WHAT IS EXPECTED —
All lines below between the line with "Beautiful Autumn Landscape" and the line with "Pork Loin Roasted", including both, must be copied exactly, and the pictures must be omitted.

INFORMATION SHOWN —

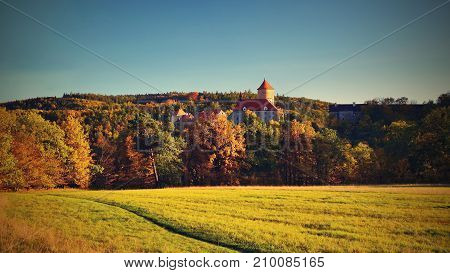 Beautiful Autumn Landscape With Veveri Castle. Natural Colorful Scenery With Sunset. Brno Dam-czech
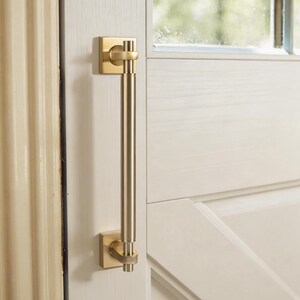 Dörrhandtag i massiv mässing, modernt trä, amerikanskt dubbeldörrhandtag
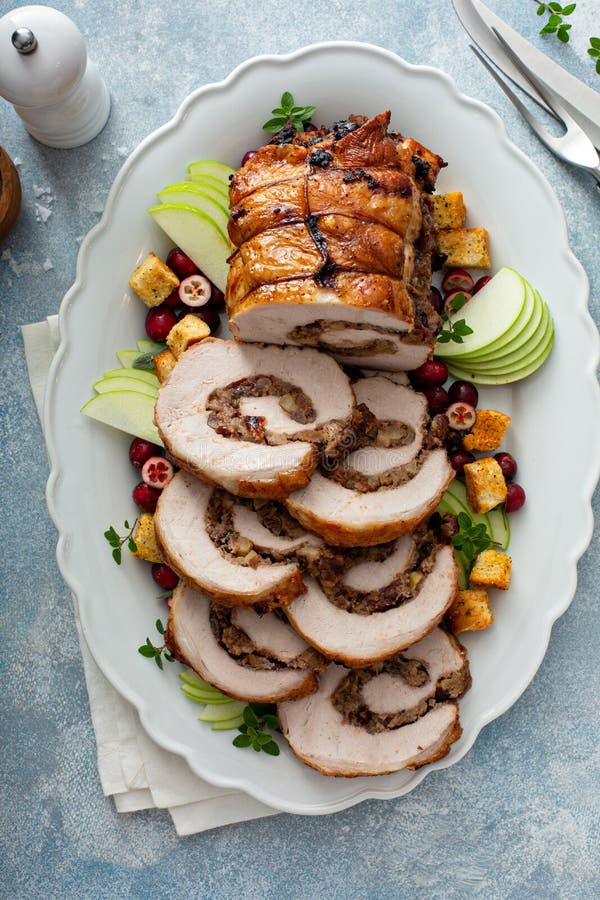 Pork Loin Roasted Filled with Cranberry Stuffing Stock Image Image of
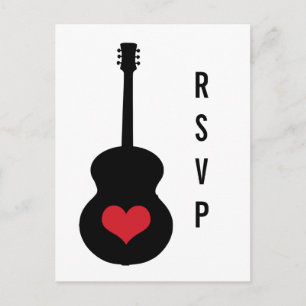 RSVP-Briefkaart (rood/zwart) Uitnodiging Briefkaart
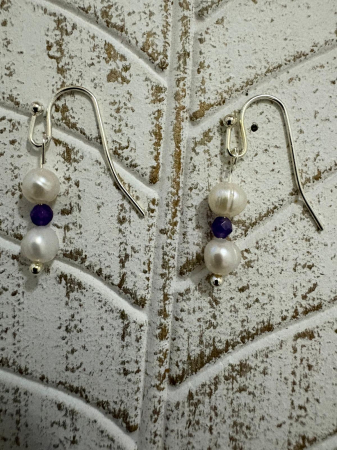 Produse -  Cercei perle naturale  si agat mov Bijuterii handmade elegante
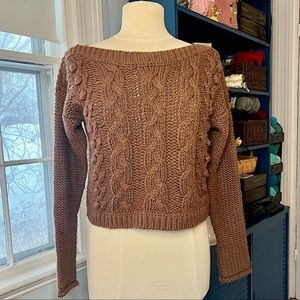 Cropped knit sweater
--
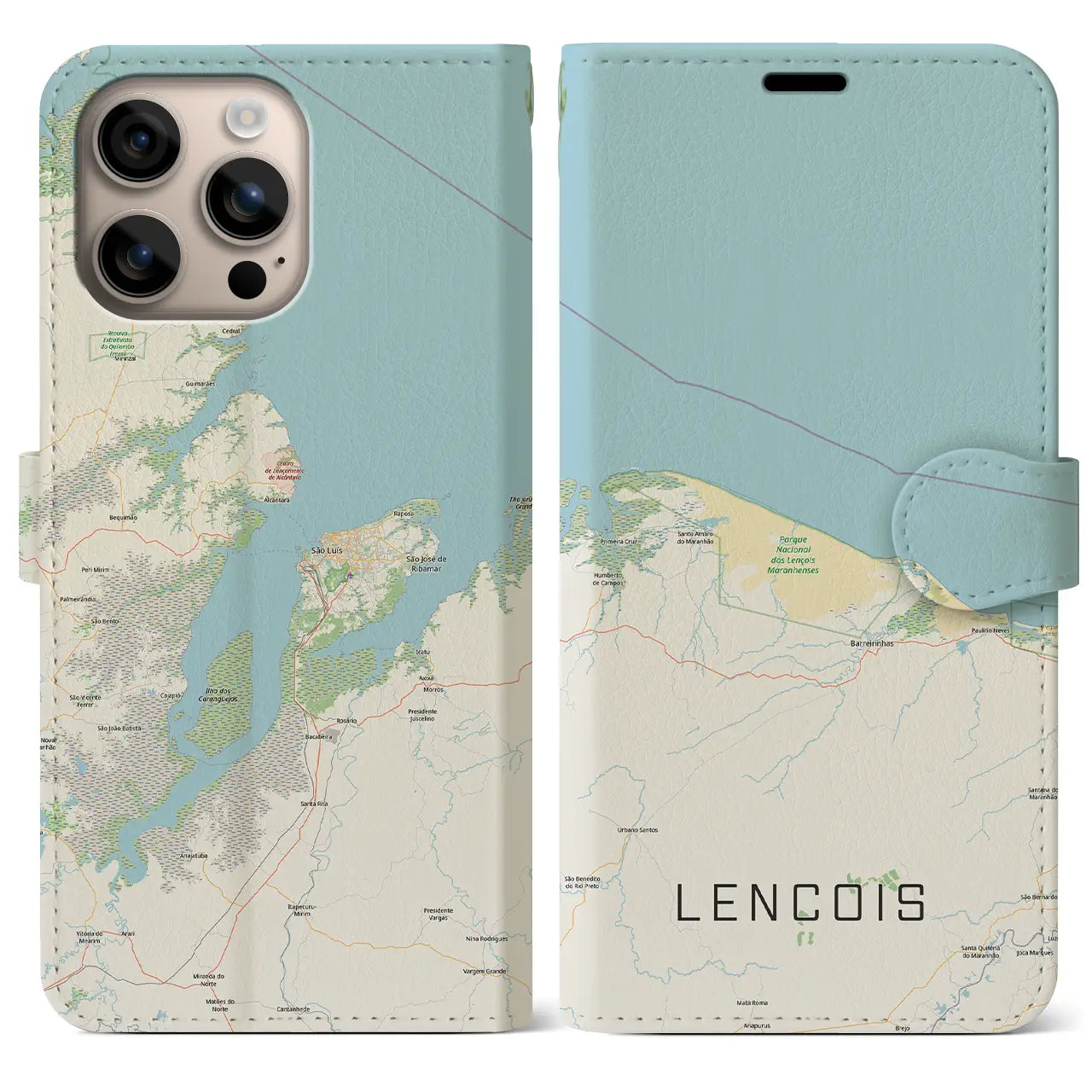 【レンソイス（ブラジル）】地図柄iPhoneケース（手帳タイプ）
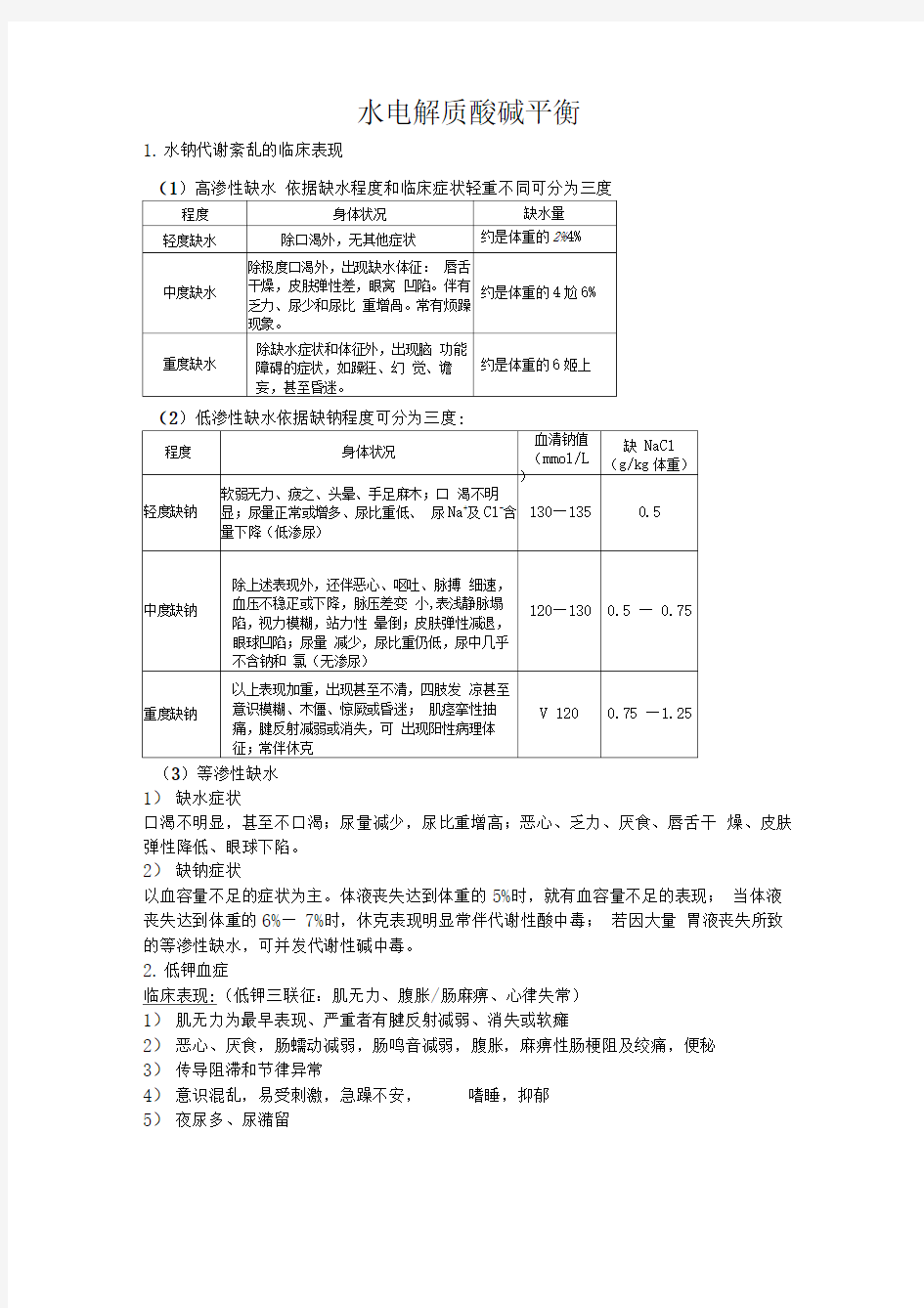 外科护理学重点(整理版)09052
--
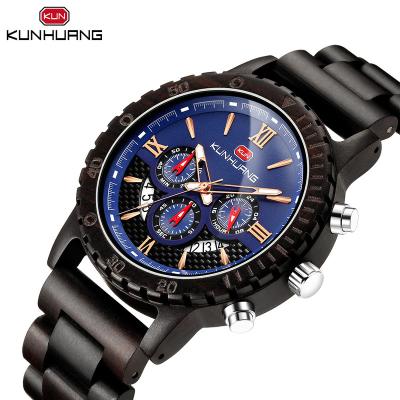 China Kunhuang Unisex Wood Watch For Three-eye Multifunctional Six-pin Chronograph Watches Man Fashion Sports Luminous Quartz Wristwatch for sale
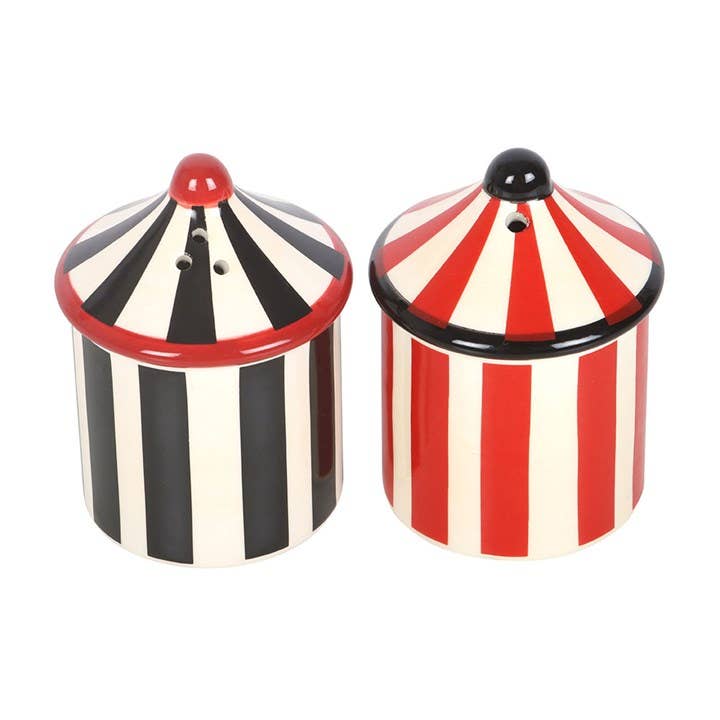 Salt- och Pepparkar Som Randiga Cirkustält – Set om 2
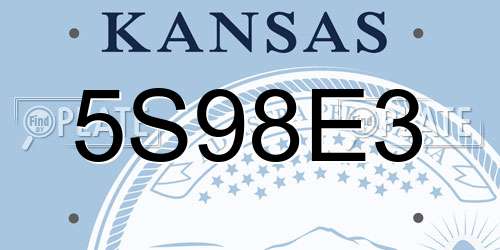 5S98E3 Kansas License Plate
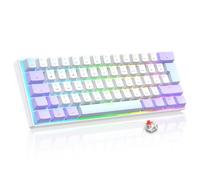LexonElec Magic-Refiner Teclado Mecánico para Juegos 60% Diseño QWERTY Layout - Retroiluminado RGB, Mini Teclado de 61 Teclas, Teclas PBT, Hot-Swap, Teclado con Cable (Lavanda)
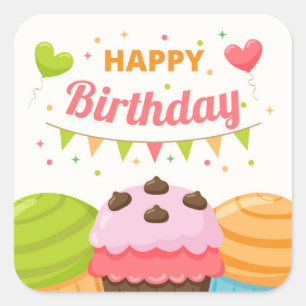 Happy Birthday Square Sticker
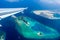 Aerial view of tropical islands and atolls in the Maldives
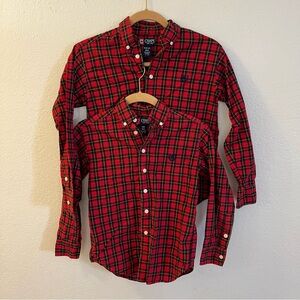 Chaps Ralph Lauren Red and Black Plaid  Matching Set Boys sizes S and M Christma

SOLUTION FOR THIS TASK —
 Beautiful Autumn Landscape With Veveri Castle. Natural Colorful Scenery With Sunset. Brno Dam-czech
 Dörrhandtag i massiv mässing, modernt trä, amerikanskt dubbeldörrhandtag
 Pork Loin Roasted Filled with Cranberry Stuffing Stock Image Image of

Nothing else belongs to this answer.